Pictures stay out of this copy, which runs from the first line of the material through the line containing "collection of cartoon".

BEGIN Data under study

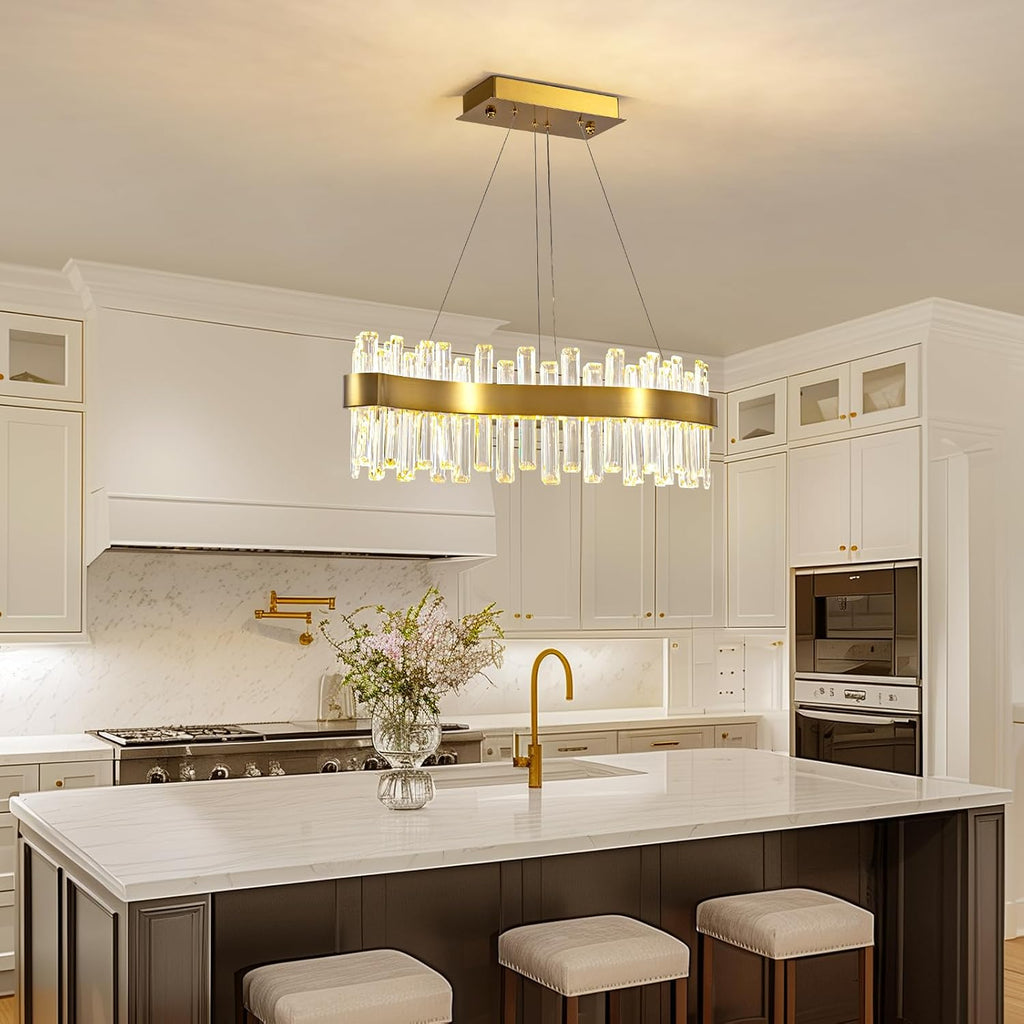Siljoy Modern LED Crystal Chandelier, Luxury Brass Gold 2-Tiers K9 Crystal Raindrop Chandelier, Adjustable Height Linear Crystal Pendant Island Light for Living Dining Room Kitchen Island L30''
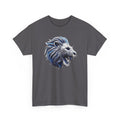 Roaring Blue Lion Graphic Tee — Bold Tribal Lion Head T‑Shirt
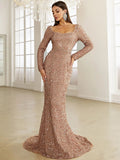 Sweetheart Neck Floor Length Sequin Formal Dress XJ429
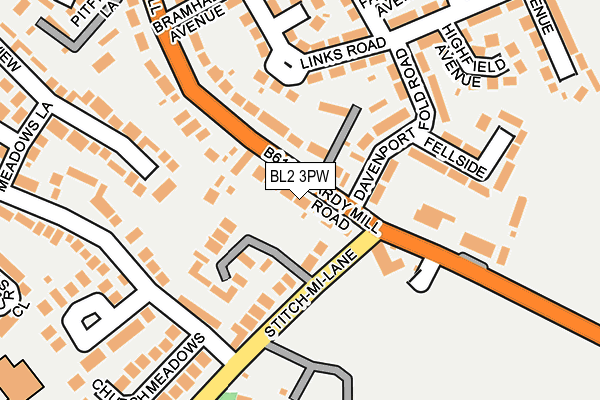 BL2 3PW map - OS OpenMap – Local (Ordnance Survey)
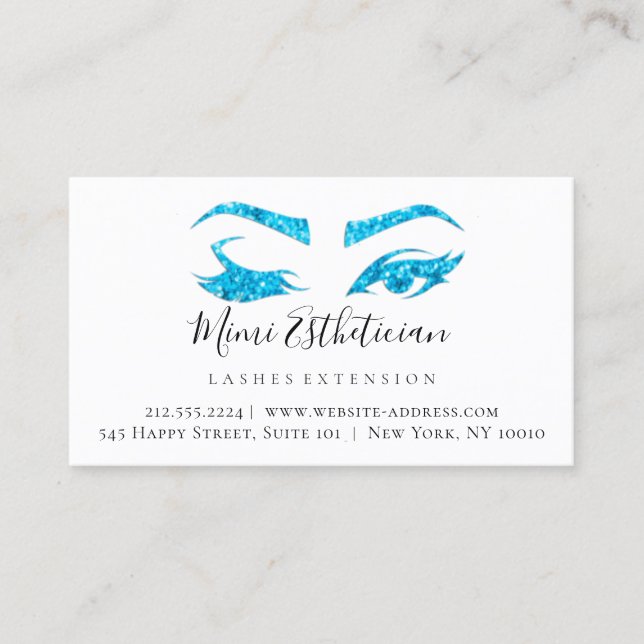 Aftercare Instructions Eyelash White Blue Eyes Business Card (Front)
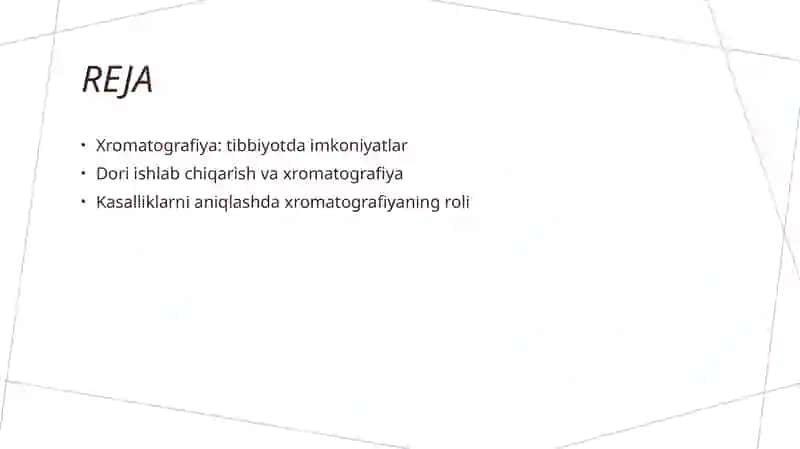 Xromatografiyaning tibbiy izlanishlardagi imkoniyatlari 2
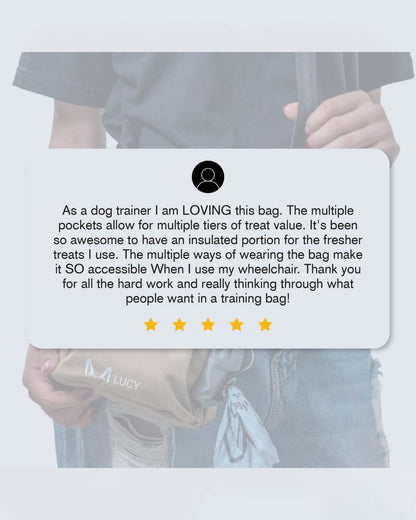 Person holding a dog training bag with a five-star rating and review text.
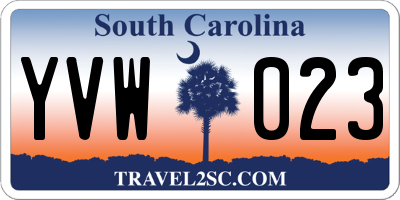 SC license plate YVW023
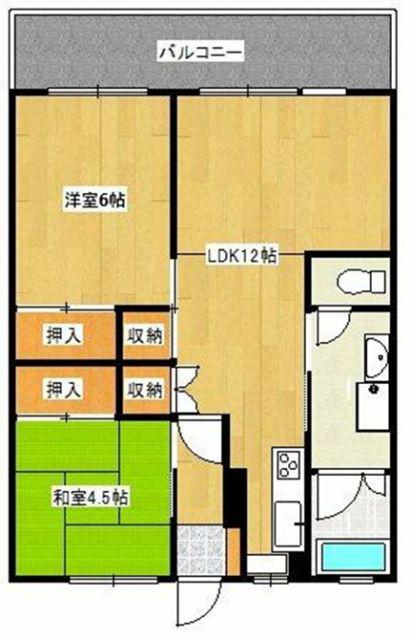フロンティア西諫早2号棟(2LDK/6階)の間取り写真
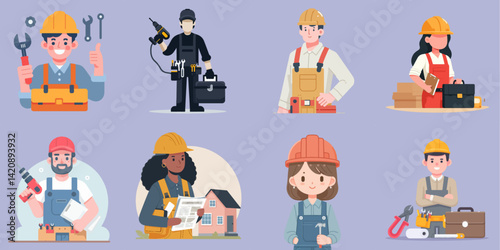 collection of cartoon illustration of contractor worker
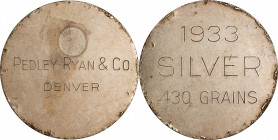 1933 Pedley-Ryan Dollar. Type IV. HK-825. Rarity-5. Silver. Mint State, Edge Nicks.
38 mm.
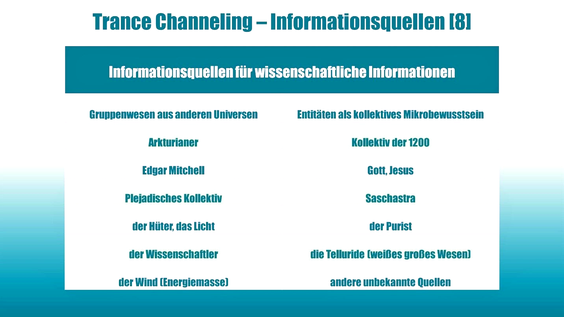 Tabelle mit dem Titel 'Trance Channeling – Informationsquellen'. Aufgelistet sind Gruppen und Entitäten wie Arkturianer, Edgar Mitchell, das Pleiadische Kollektiv, der Hüter, das Licht, der Wissensschaffer und der Wind (Energiesame).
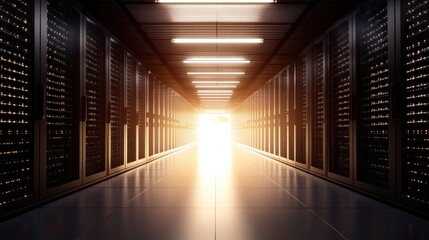Poster - Expansive Data Center Corridor Featuring Rows of High Tech Servers Illuminated by Soft Cool Lighting Creating a Futuristic Atmosphere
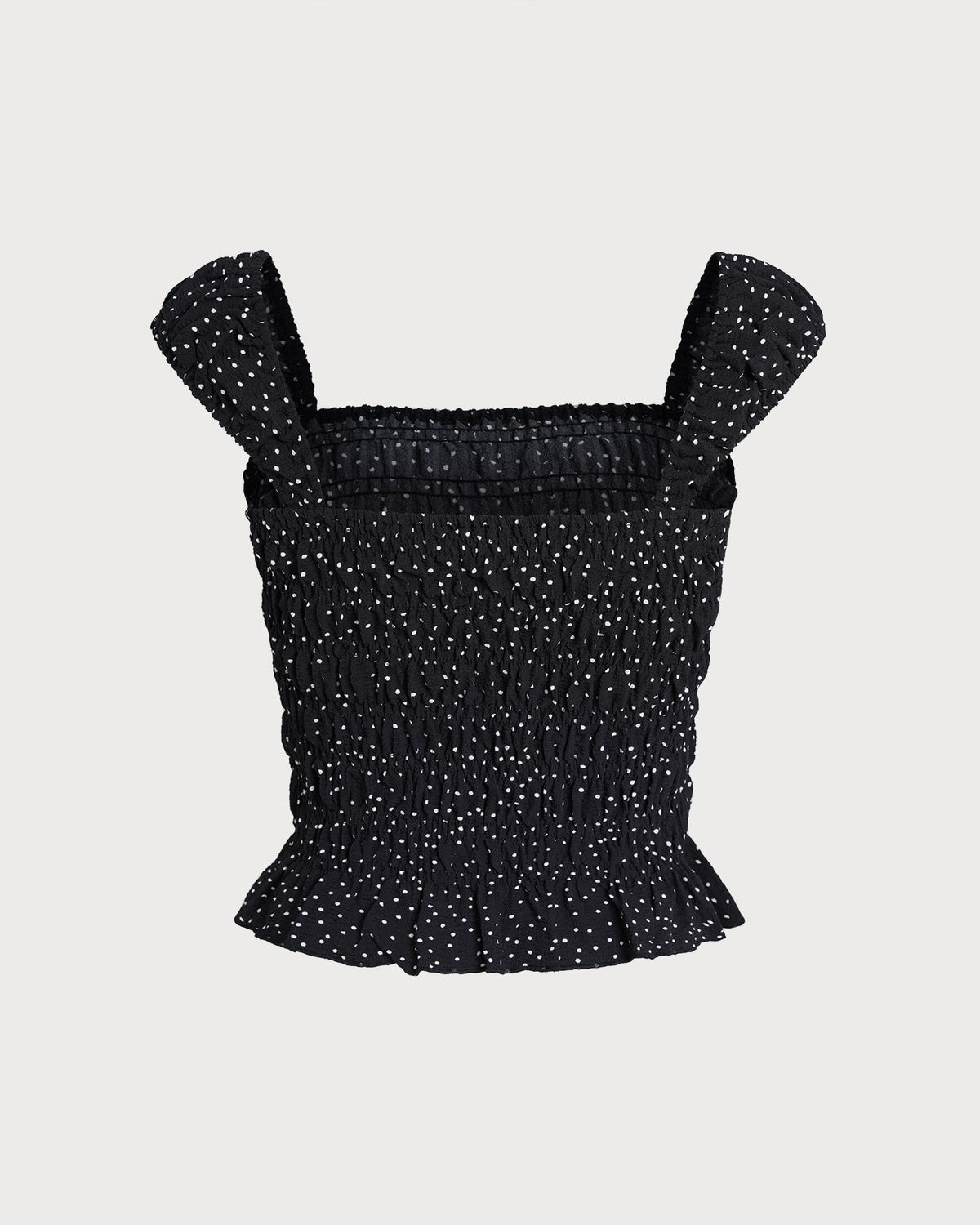 Black Square Neck Polka Dot Tank Top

END Data under study

**Answer area:**
Siljoy Modern LED Crystal Chandelier, Luxury Brass Gold 2-Tiers K9 Crystal Raindrop Chandelier, Adjustable Height Linear Crystal Pendant Island Light for Living Dining Room Kitchen Island L30''
 Roaring Blue Lion Graphic Tee — Bold Tribal Lion Head T‑Shirt
 Sweetheart Neck Floor Length Sequin Formal Dress XJ429
 BL2 3PW map - OS OpenMap – Local (Ordnance Survey)
 Aftercare Instructions Eyelash White Blue Eyes Business Card (Front)
 Xromatografiyaning tibbiy izlanishlardagi imkoniyatlari 2
 Person holding a dog training bag with a five-star rating and review text.
 SC license plate YVW023
フロンティア西諫早2号棟(2LDK/6階)の間取り写真
 collection of cartoon illustration of contractor worker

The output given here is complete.